**Task to complete**
In the records that follow, show each line where the word "select" is present.

**Records supplied**

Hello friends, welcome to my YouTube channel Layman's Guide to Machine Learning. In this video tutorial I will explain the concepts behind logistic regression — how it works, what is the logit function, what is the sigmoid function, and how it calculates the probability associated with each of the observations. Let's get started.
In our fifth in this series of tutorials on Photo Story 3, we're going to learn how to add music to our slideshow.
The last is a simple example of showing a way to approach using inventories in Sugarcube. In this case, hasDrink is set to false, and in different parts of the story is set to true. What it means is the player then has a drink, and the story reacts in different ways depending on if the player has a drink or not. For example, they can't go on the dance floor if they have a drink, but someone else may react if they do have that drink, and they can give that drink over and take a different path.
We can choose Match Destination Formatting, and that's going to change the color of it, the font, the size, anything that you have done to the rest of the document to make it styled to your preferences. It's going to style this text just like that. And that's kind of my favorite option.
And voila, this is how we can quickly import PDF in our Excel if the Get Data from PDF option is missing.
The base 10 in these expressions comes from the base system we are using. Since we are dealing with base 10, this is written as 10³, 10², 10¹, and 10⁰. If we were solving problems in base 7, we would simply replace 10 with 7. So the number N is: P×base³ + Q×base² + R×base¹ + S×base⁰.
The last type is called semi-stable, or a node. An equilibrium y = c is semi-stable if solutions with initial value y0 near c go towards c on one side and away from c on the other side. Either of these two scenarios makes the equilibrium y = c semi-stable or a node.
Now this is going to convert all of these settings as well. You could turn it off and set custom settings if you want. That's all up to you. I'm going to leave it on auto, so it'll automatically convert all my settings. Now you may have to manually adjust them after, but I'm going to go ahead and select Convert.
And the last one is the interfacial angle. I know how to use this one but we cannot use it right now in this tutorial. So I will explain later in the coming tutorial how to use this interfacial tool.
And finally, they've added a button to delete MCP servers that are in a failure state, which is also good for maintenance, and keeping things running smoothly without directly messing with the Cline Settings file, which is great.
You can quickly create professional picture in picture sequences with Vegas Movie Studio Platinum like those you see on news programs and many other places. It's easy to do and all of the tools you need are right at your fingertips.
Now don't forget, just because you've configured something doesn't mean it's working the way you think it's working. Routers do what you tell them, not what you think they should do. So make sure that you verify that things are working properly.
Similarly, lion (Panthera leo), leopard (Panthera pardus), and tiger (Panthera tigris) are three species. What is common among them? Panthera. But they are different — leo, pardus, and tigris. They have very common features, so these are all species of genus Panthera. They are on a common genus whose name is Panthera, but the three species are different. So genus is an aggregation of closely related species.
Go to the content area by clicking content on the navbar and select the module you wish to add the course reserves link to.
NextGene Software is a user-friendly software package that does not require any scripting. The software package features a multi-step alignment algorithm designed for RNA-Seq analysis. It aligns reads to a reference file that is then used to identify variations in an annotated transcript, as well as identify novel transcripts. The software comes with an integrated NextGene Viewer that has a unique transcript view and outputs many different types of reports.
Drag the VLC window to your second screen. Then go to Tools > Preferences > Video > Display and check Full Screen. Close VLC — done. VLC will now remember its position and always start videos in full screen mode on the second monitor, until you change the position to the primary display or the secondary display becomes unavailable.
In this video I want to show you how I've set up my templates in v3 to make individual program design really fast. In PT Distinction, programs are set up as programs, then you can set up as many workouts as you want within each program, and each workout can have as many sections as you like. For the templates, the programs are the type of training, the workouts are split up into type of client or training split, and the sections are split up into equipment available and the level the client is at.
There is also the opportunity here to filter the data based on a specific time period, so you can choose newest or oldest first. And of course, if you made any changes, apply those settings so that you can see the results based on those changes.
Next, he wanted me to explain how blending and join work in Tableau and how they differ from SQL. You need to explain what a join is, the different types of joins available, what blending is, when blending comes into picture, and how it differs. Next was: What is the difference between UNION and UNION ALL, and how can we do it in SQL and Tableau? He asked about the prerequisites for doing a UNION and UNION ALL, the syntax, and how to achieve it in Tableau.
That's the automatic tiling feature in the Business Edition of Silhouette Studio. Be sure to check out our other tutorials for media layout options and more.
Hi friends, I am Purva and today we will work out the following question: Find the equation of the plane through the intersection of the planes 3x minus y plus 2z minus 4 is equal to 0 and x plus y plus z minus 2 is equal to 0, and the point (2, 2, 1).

**Completed exercise**
Now this is going to convert all of these settings as well. You could turn it off and set custom settings if you want. That's all up to you. I'm going to leave it on auto, so it'll automatically convert all my settings. Now you may have to manually adjust them after, but I'm going to go ahead and select Convert.
Go to the content area by clicking content on the navbar and select the module you wish to add the course reserves link to.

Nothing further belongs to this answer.